## Task requirements
The material below holds a span beginning at the line with "Rosa Jasmin - Jasminum beesianum" and ending at the line with "小红书开通条件和流程详解，品牌账号开通". Quote that span exactly, both ends included, and only that span.
Data shown Start Marker
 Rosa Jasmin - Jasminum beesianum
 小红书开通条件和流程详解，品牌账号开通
Data shown End Marker
Data shown Start Marker
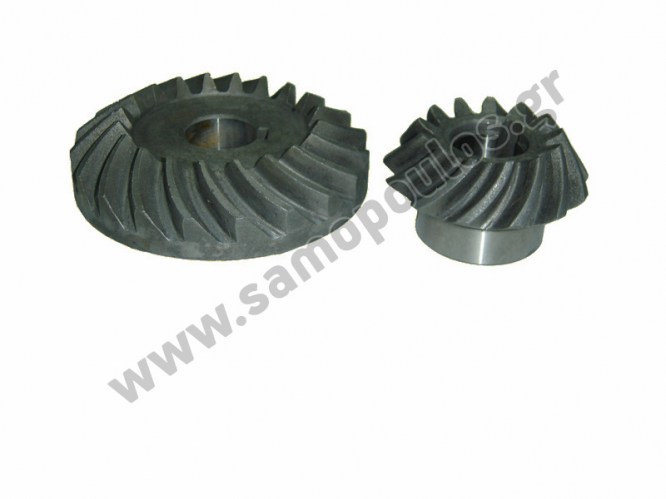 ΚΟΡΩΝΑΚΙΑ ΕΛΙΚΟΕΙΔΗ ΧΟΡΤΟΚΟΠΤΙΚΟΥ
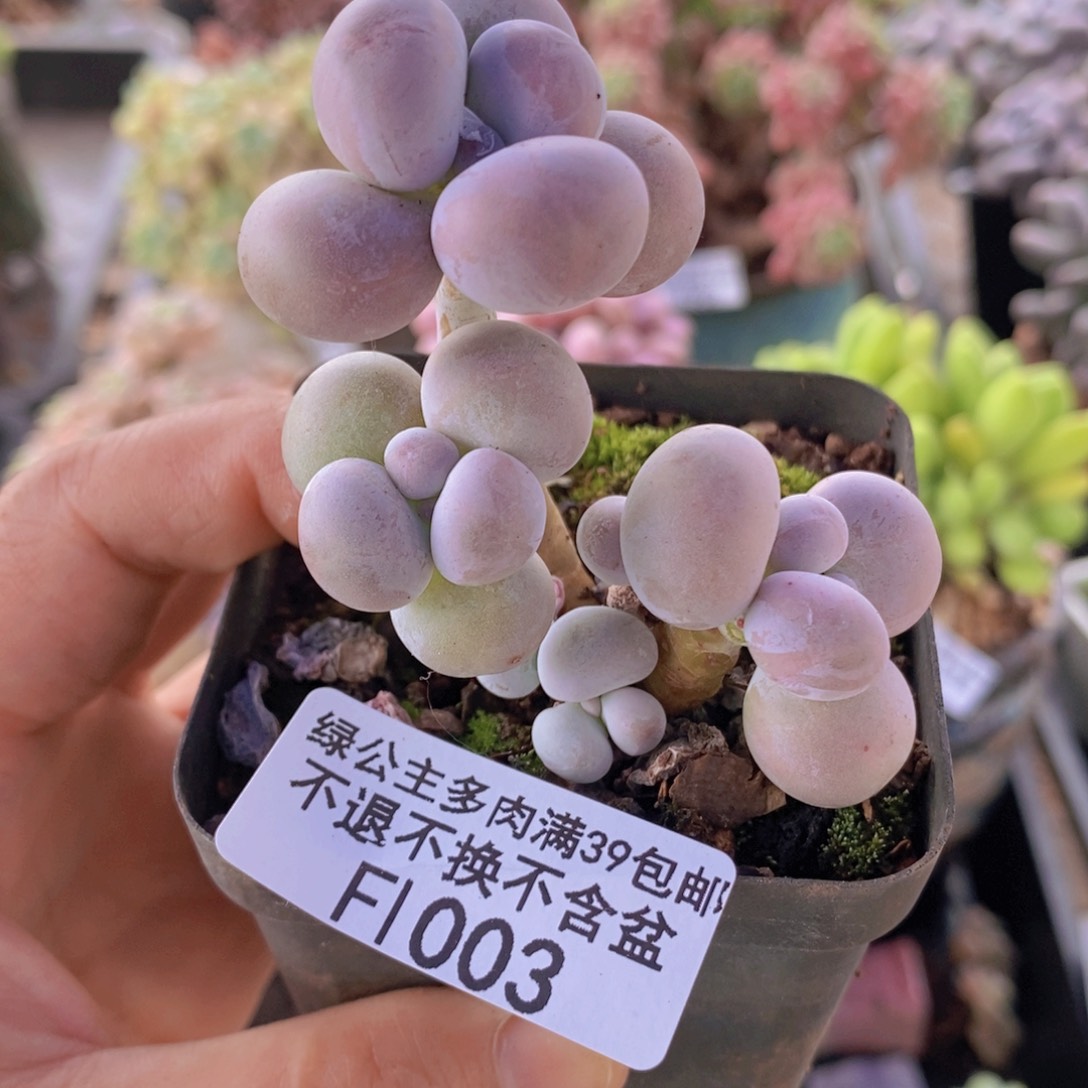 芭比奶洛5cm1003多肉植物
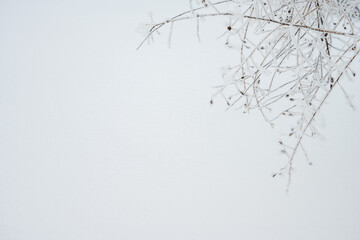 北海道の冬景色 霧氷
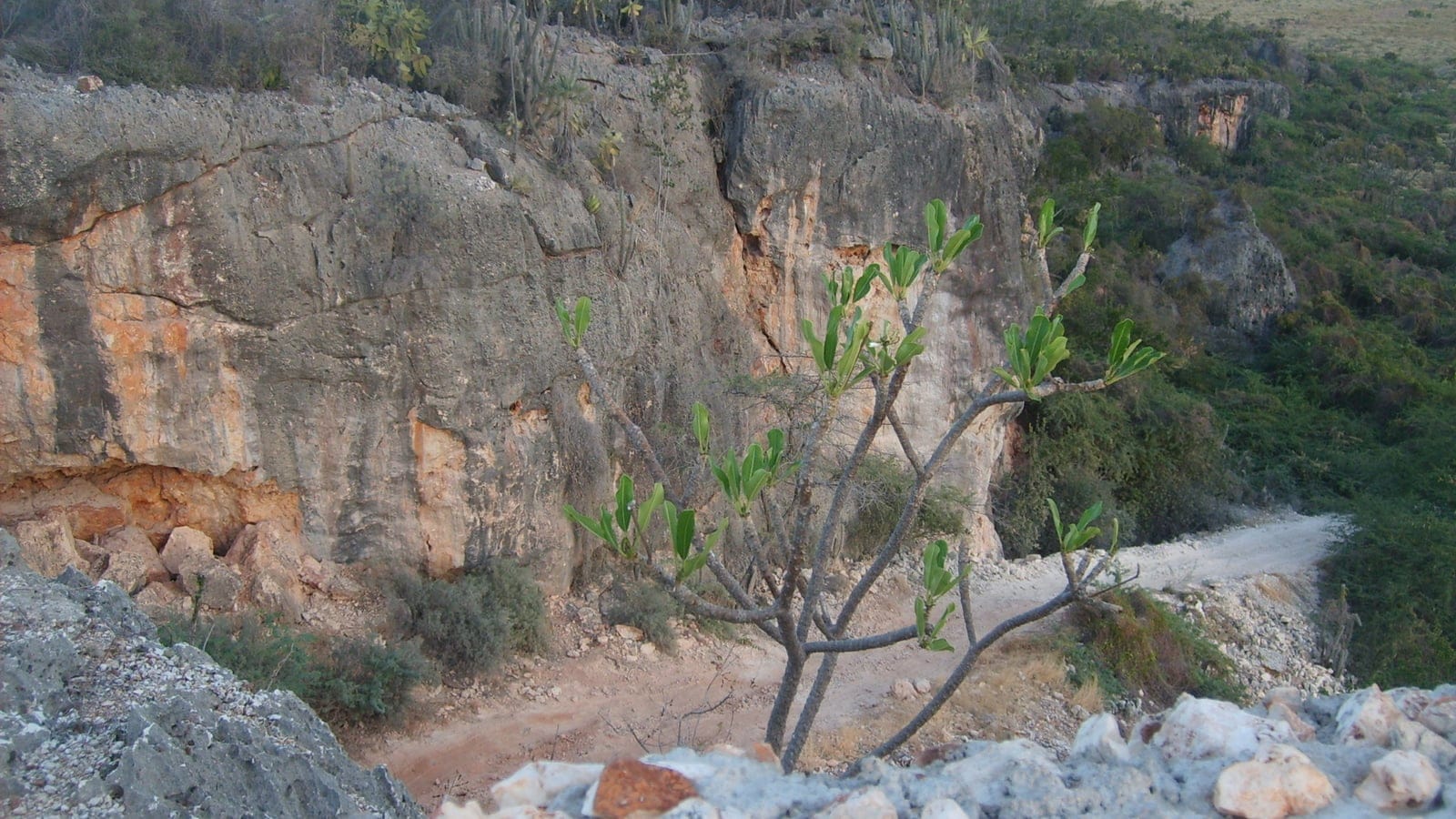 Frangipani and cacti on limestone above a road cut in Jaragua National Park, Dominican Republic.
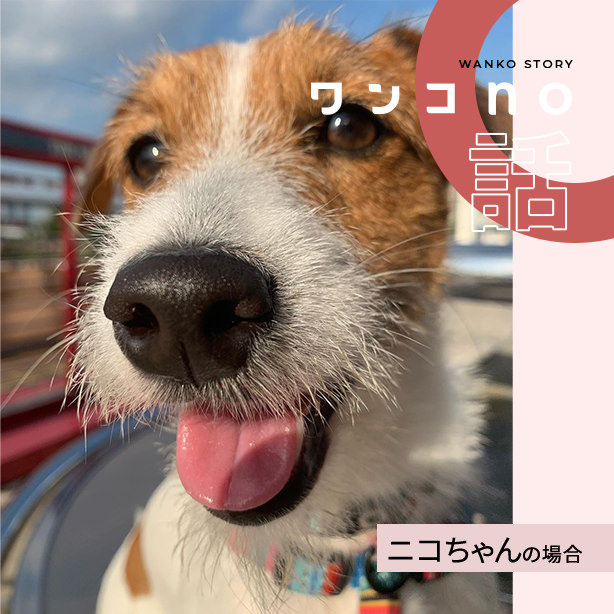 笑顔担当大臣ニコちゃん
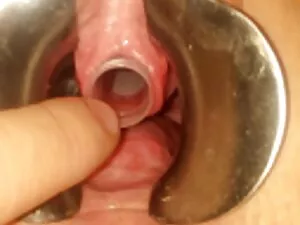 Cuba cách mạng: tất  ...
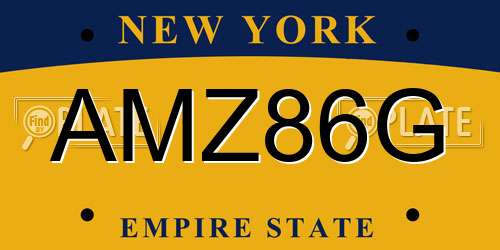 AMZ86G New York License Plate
Data shown End Marker
Data shown Start Marker
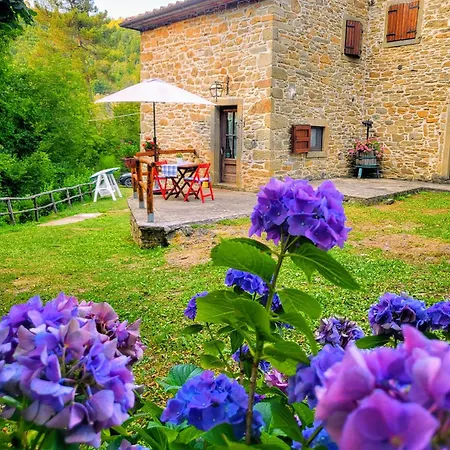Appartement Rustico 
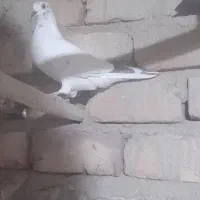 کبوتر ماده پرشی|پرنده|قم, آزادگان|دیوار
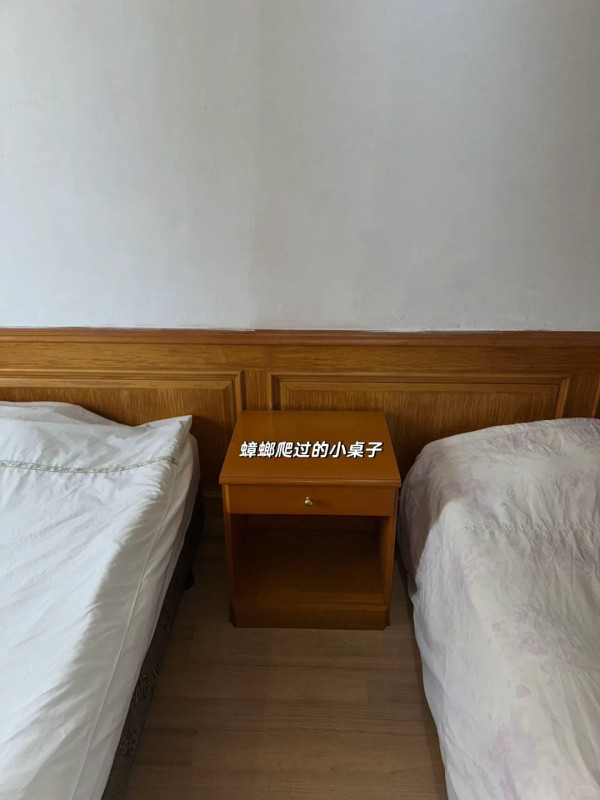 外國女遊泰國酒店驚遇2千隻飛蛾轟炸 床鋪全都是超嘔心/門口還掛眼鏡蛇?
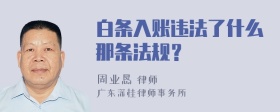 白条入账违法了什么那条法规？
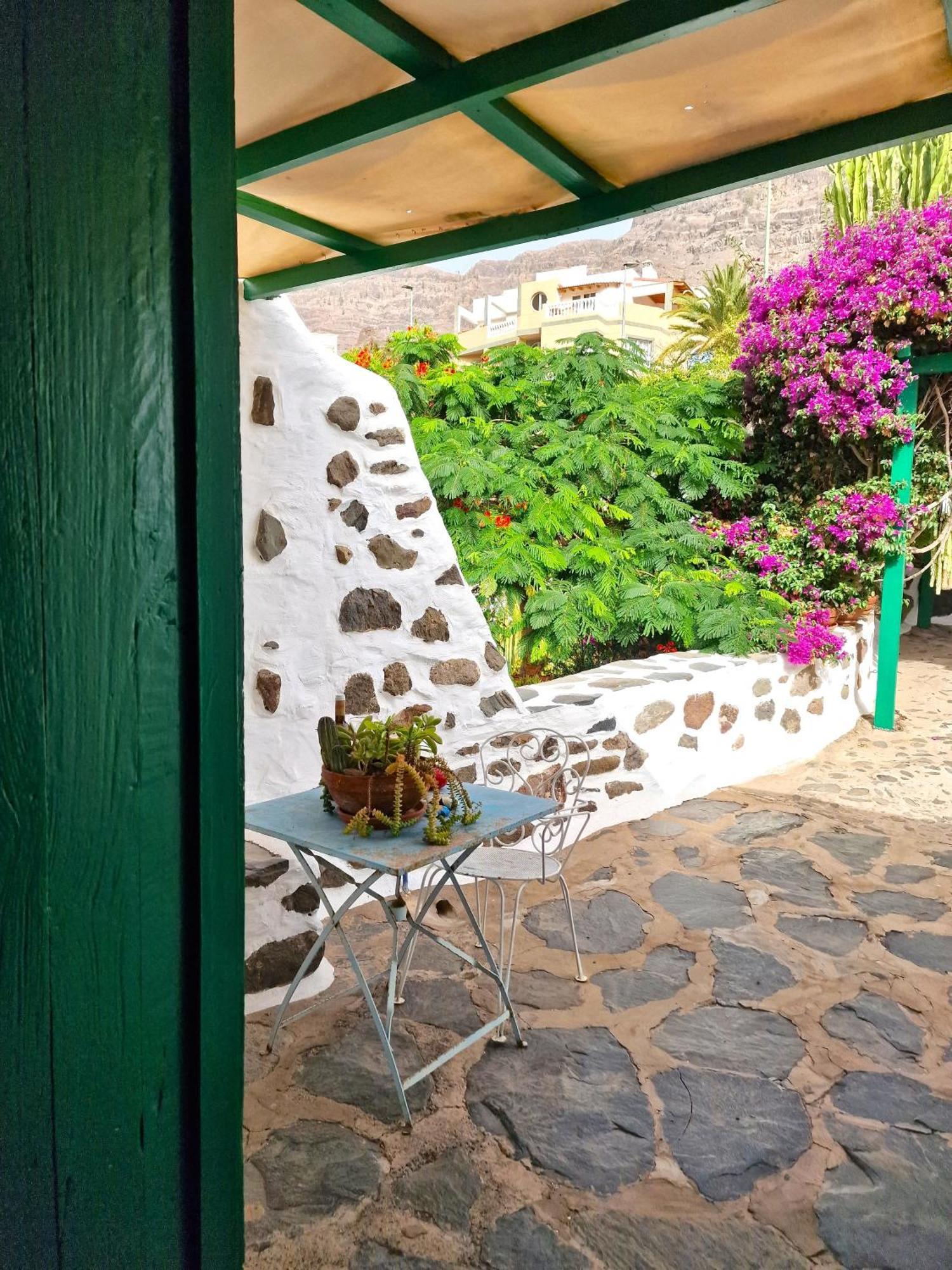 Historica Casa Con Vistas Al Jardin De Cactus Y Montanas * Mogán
Data shown End Marker
## Response area
 Rosa Jasmin - Jasminum beesianum
 小红书开通条件和流程详解，品牌账号开通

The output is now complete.